Once OneRiot has identified all these pages to index through links being passed around on social networks, the company analyzes the text of the pages being linked-to and applies a ranking algorithm it calls Pulserank, which it positions as “Pagerank for the real-time web.” That ranking is based on recency, domain authority of the source, increasing or decreasing interest on a variety of social networks (the company says it watches Delicious as well, for example) and other factors.

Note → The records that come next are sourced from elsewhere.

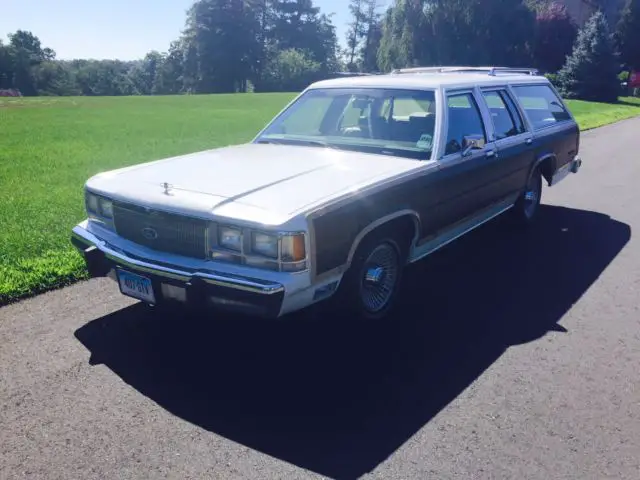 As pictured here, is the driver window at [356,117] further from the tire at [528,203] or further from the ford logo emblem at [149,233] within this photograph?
the tire at [528,203]

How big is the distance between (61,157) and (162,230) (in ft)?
33.0

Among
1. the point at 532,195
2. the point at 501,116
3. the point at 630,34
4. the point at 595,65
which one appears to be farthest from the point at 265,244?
the point at 630,34

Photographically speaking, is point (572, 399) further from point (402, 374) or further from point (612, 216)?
point (612, 216)

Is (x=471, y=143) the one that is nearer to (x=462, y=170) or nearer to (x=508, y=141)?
(x=462, y=170)

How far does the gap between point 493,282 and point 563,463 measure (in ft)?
8.48

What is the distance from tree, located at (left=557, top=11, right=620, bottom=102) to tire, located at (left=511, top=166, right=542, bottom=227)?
1407 inches

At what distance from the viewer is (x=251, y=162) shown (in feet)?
15.3

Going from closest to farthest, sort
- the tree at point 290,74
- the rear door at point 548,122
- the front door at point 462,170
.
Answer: the front door at point 462,170
the rear door at point 548,122
the tree at point 290,74

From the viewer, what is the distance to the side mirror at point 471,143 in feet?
16.2

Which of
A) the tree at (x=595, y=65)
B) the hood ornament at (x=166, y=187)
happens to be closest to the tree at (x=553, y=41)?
the tree at (x=595, y=65)

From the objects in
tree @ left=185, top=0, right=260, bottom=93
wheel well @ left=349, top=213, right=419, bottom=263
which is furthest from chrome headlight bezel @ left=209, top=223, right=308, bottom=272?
tree @ left=185, top=0, right=260, bottom=93

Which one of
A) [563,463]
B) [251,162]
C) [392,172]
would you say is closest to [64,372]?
[251,162]

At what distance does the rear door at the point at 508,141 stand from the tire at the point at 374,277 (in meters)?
1.85

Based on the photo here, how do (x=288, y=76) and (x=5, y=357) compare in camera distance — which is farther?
(x=288, y=76) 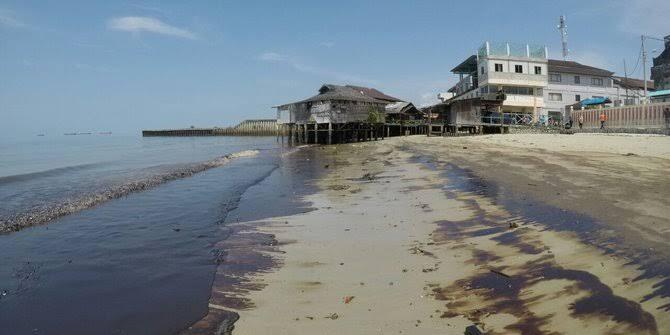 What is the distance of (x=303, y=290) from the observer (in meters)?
5.02

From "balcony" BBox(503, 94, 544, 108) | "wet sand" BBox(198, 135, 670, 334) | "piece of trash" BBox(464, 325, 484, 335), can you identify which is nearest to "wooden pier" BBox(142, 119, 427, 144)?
"balcony" BBox(503, 94, 544, 108)

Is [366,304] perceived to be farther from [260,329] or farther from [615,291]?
[615,291]

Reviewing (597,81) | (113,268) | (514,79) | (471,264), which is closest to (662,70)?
(597,81)

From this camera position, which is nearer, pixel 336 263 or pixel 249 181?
pixel 336 263

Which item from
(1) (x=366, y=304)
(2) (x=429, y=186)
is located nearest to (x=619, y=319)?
(1) (x=366, y=304)

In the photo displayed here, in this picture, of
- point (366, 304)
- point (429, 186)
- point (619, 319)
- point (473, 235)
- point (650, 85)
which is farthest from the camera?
point (650, 85)

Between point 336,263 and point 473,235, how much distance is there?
2.22 metres

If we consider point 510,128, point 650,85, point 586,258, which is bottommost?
point 586,258

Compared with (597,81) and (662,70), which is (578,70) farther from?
(662,70)

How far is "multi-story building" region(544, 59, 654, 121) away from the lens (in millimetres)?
53031

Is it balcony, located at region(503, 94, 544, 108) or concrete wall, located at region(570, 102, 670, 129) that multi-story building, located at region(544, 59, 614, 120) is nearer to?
balcony, located at region(503, 94, 544, 108)

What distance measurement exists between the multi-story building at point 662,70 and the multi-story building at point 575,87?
7.50 metres

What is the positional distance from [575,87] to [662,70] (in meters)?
17.2

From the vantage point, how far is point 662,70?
60.0 metres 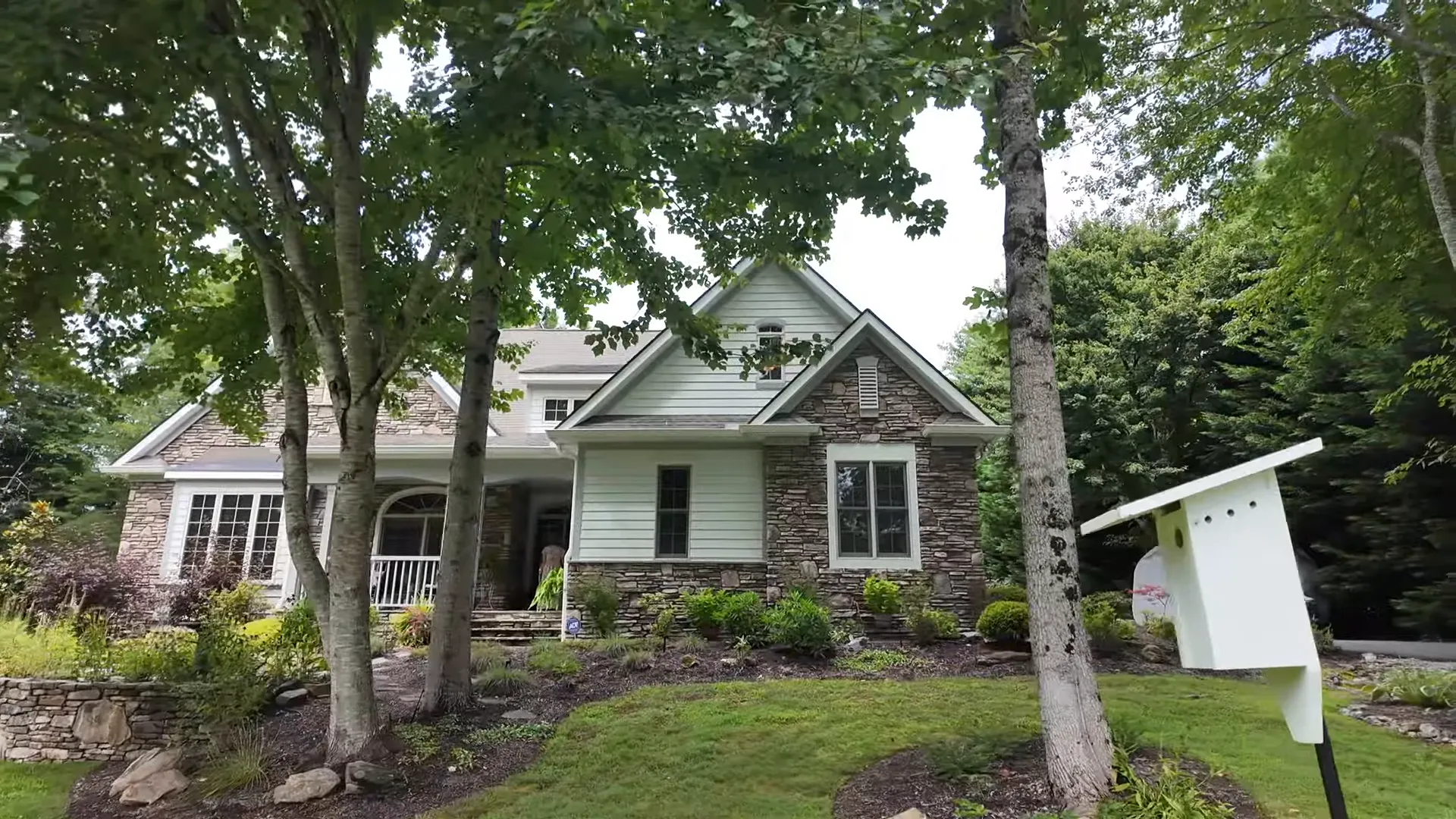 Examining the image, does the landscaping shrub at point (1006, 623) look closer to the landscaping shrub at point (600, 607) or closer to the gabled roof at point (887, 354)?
the gabled roof at point (887, 354)

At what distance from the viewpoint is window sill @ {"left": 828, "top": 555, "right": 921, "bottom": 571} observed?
1170 cm

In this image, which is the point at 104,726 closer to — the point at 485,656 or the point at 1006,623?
the point at 485,656

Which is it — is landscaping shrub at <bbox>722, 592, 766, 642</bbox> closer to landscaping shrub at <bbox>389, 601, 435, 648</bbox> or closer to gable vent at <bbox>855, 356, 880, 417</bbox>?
gable vent at <bbox>855, 356, 880, 417</bbox>

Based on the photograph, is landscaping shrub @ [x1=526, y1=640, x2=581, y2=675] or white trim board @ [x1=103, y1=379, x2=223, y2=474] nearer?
landscaping shrub @ [x1=526, y1=640, x2=581, y2=675]

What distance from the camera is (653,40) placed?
481 cm

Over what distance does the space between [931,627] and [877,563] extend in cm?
163

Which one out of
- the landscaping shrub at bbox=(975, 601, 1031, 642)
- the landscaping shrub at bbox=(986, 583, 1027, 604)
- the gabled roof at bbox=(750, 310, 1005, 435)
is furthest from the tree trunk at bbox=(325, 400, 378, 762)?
the landscaping shrub at bbox=(986, 583, 1027, 604)

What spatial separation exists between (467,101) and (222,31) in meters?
2.73

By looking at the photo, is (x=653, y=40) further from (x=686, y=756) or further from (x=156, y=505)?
(x=156, y=505)

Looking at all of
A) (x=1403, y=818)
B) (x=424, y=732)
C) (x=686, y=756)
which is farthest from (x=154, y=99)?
(x=1403, y=818)

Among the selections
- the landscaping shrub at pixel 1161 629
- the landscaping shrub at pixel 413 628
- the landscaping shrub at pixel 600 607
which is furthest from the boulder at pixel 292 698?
the landscaping shrub at pixel 1161 629

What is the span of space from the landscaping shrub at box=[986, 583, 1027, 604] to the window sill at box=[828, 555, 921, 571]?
118cm

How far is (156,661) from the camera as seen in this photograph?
7.20m

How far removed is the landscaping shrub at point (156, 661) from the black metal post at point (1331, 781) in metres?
8.53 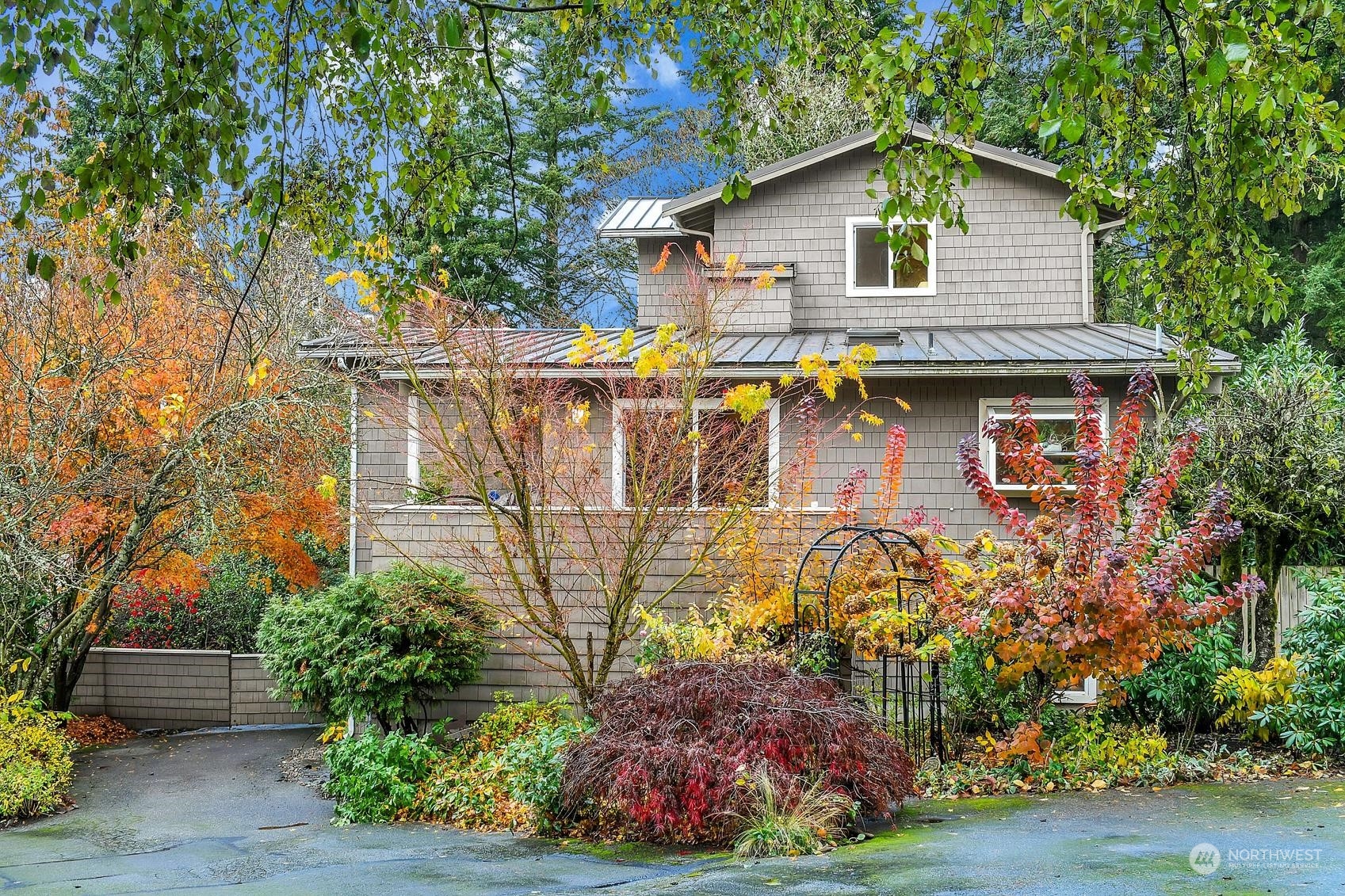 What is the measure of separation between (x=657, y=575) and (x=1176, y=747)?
5.13m

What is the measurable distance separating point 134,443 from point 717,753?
907cm

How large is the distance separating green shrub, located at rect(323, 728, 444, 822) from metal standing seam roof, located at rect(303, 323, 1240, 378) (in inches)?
140

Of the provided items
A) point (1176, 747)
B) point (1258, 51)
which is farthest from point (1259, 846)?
point (1258, 51)

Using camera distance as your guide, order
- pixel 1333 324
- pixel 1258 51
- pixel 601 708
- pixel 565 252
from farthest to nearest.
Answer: pixel 565 252, pixel 1333 324, pixel 601 708, pixel 1258 51

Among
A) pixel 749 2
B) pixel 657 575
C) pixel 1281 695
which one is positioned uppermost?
pixel 749 2

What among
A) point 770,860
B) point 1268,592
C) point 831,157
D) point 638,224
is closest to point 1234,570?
point 1268,592

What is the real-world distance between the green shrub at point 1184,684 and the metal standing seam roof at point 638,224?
9.19 metres

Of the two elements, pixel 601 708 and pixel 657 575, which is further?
pixel 657 575

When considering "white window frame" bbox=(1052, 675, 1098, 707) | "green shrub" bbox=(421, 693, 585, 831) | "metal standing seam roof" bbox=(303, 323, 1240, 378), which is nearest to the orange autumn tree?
"metal standing seam roof" bbox=(303, 323, 1240, 378)

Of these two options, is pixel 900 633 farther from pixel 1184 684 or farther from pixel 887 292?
pixel 887 292

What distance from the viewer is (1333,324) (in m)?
21.4

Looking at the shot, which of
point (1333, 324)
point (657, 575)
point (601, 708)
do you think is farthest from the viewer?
point (1333, 324)

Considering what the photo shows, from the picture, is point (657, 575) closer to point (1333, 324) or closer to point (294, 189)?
point (294, 189)

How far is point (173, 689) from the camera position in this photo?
1563cm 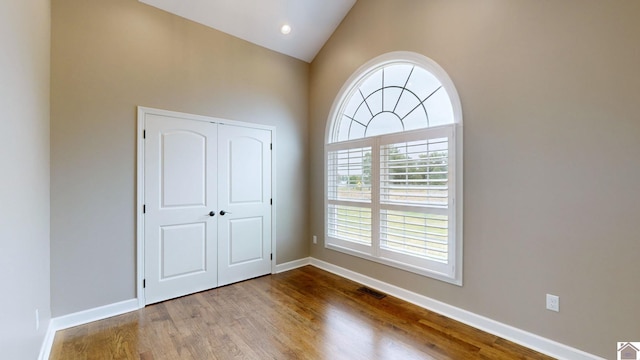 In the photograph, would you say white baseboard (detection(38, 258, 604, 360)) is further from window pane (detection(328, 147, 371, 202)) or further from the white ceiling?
the white ceiling

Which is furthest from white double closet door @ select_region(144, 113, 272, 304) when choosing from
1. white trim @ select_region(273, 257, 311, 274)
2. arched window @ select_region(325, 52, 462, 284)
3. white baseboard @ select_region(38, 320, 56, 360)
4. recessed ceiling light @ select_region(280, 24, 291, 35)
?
recessed ceiling light @ select_region(280, 24, 291, 35)

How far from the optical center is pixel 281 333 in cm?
249

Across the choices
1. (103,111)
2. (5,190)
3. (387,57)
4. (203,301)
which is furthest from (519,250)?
(103,111)

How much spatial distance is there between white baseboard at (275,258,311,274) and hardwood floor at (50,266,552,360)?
0.86 meters

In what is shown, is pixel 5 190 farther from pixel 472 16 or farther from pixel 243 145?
pixel 472 16

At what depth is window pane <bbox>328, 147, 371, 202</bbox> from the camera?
364 cm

OneRiot says that more than 40 other companies have leveraged the OneRiot search API so far, providing the majority of the search queries the company sees. Now that will be turned into a formal Partner Program, where 3rd parties can get support in applying OneRiot powered search results on their sites. Company co-founder Robert Reich will lead that program, which OneRiot says will be a major priority in the way it spends the $7 million in venture capital it added to its previous $22 million this summer.
Real Time On Your Site?
OneRiot argues that 20% of searches are navigational, 40% are for specific information but the remaining 40% are exploratory enough to be best served by real-time results. That makes sense. And just like some people believe recommendation technology will become a near-universal part of websites so that content can be recommended automatically without requiring it to be searched for – it’s not hard to imagine real-time buzz as a part of millions of topical websites as well.
It’s an increasingly real-time web. OneRiot’s strategic approach, including its new hands-on relationship with developer partners, could serve it well in distributing its real-time solution around the web.